**Extracted material**.
--------------------------------

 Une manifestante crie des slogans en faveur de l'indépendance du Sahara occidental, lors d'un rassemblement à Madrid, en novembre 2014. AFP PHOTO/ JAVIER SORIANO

--------------------------------

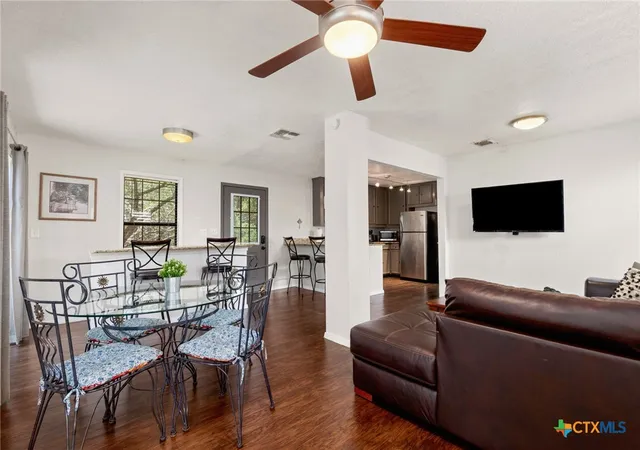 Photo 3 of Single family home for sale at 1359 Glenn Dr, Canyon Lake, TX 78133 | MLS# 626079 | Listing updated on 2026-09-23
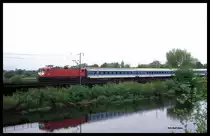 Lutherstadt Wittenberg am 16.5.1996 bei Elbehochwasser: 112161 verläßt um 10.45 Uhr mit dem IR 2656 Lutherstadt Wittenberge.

--------------------------------

**Exercise objective**. In the listing above, find the line with "Photo 3 of Single" and the line with "Lutherstadt Wittenberg am". Output both, plus every line between them, and no pictures.

**Task result**.
 Photo 3 of Single family home for sale at 1359 Glenn Dr, Canyon Lake, TX 78133 | MLS# 626079 | Listing updated on 2026-09-23
 Lutherstadt Wittenberg am 16.5.1996 bei Elbehochwasser: 112161 verläßt um 10.45 Uhr mit dem IR 2656 Lutherstadt Wittenberge.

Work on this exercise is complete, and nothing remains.